[Stored dataset items]

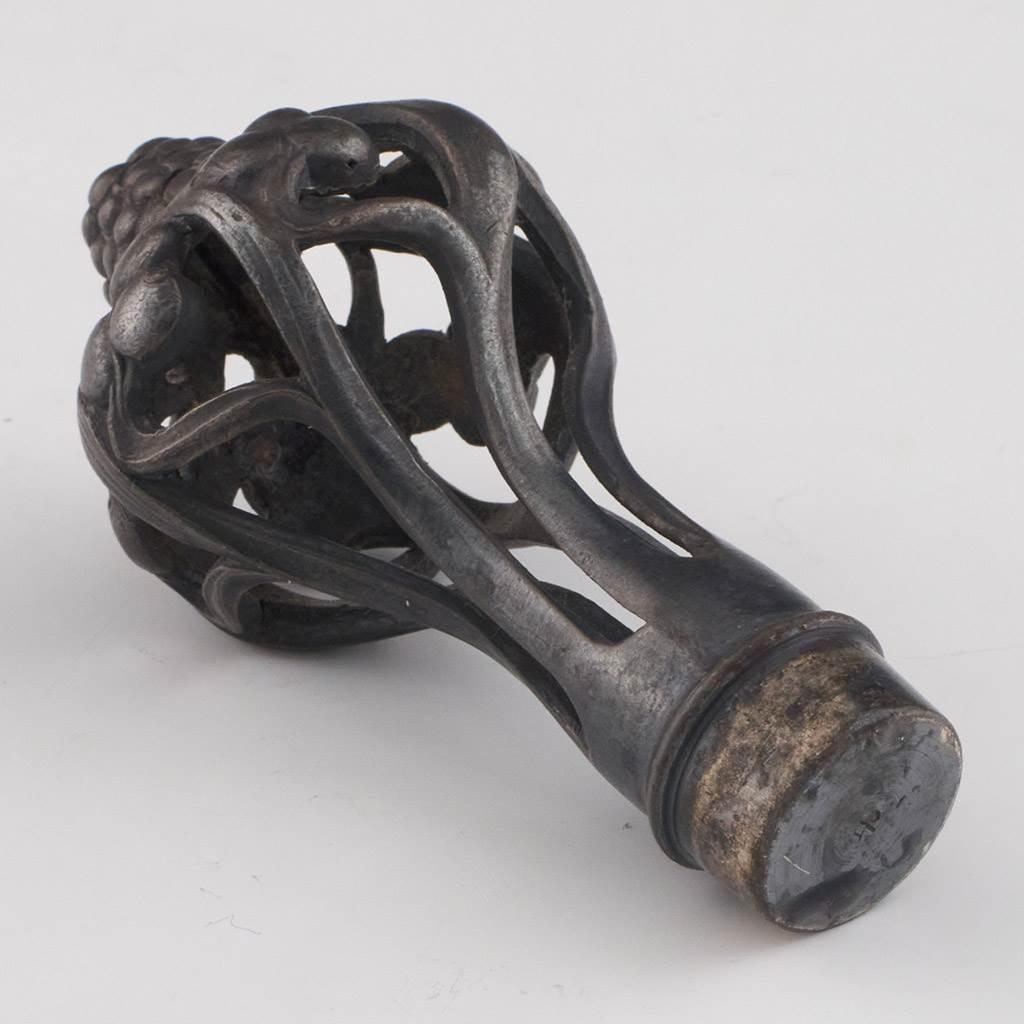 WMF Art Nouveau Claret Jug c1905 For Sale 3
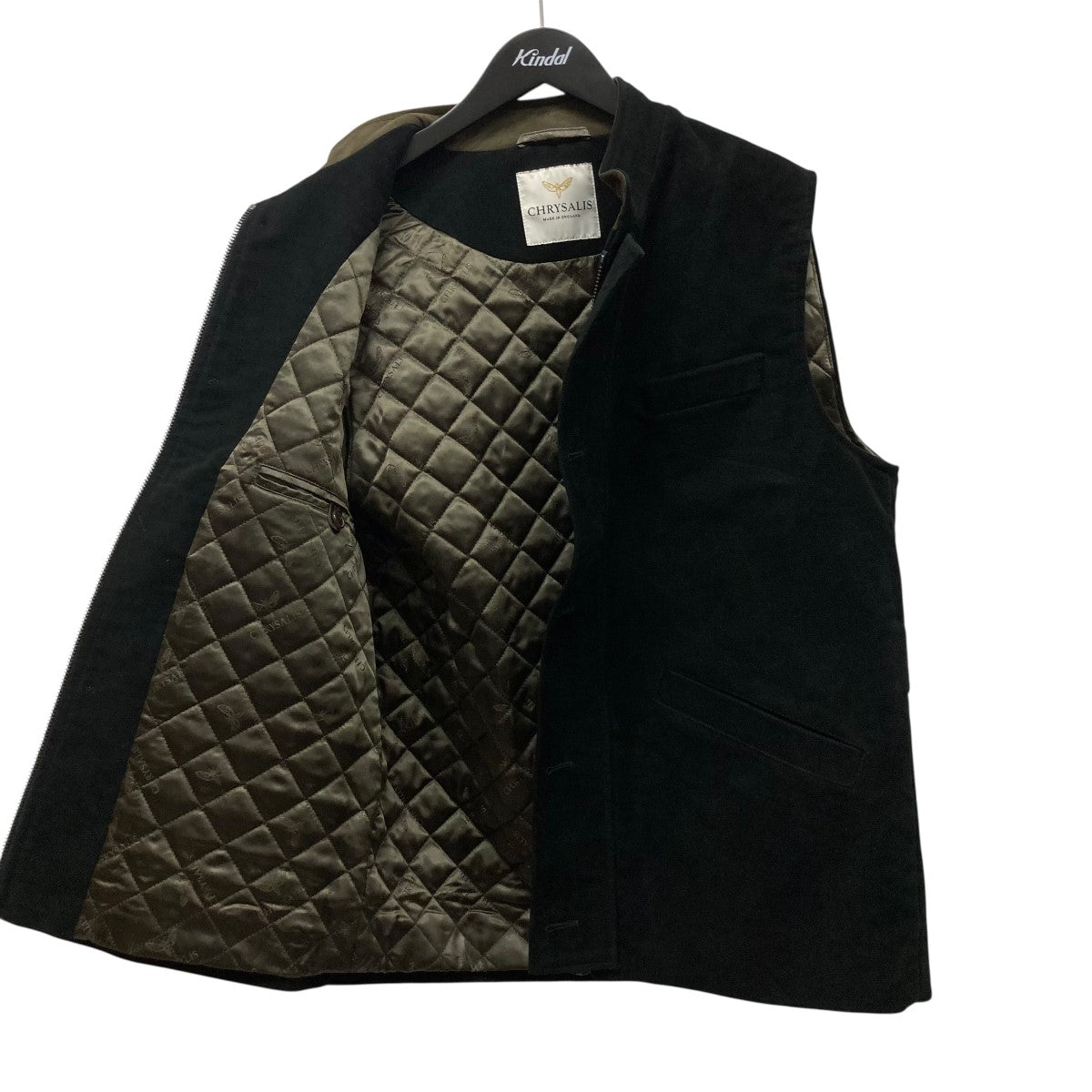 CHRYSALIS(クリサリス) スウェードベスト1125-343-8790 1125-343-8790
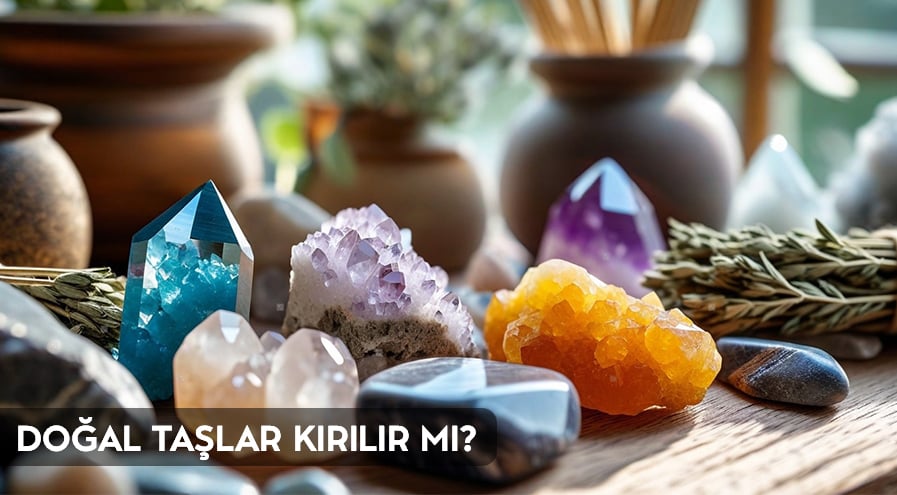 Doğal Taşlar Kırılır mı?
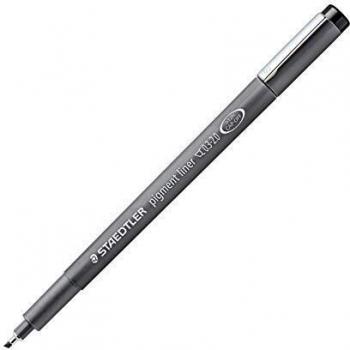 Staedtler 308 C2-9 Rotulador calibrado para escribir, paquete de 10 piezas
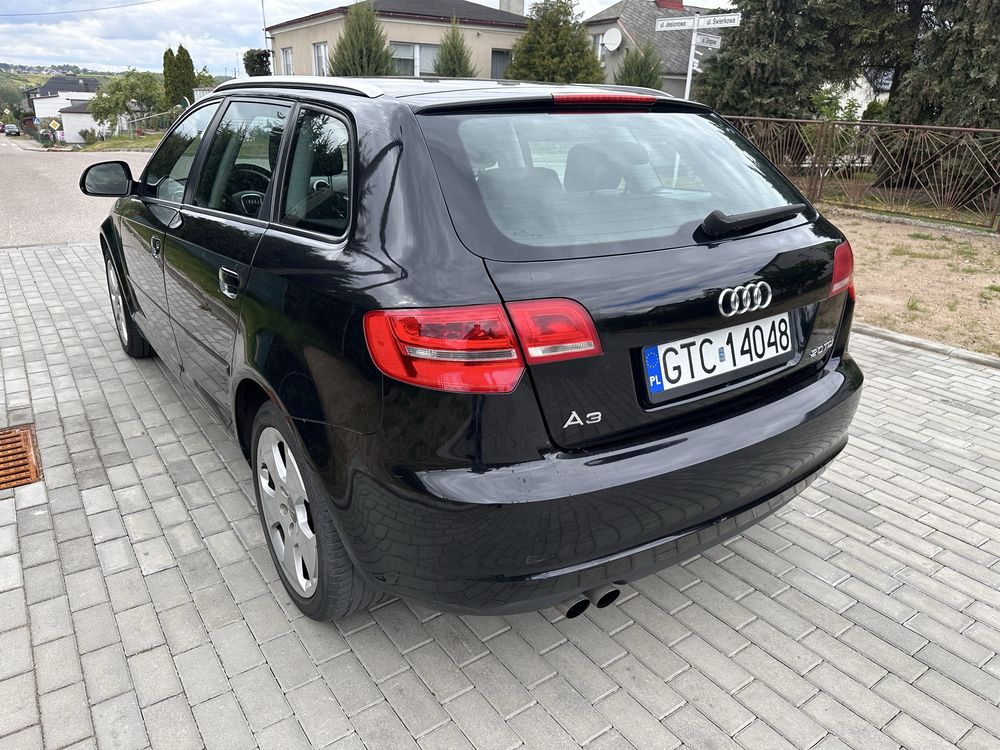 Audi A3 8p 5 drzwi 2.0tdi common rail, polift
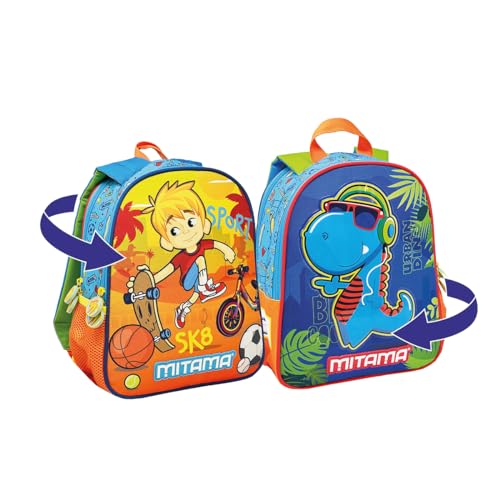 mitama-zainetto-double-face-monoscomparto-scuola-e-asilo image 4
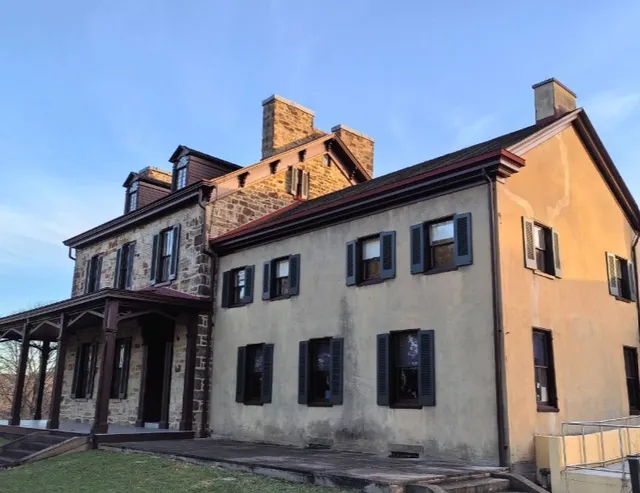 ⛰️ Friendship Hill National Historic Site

#### THE PROBLEM
In the copy, include each entry exactly as written and none of the pictures.

#### OUTPUT FOR THIS TASK
 WMF Art Nouveau Claret Jug c1905 For Sale 3
 CHRYSALIS(クリサリス) スウェードベスト1125-343-8790 1125-343-8790
 Doğal Taşlar Kırılır mı?
 Staedtler 308 C2-9 Rotulador calibrado para escribir, paquete de 10 piezas
 Audi A3 8p 5 drzwi 2.0tdi common rail, polift
 mitama-zainetto-double-face-monoscomparto-scuola-e-asilo image 4
 ⛰️ Friendship Hill National Historic Site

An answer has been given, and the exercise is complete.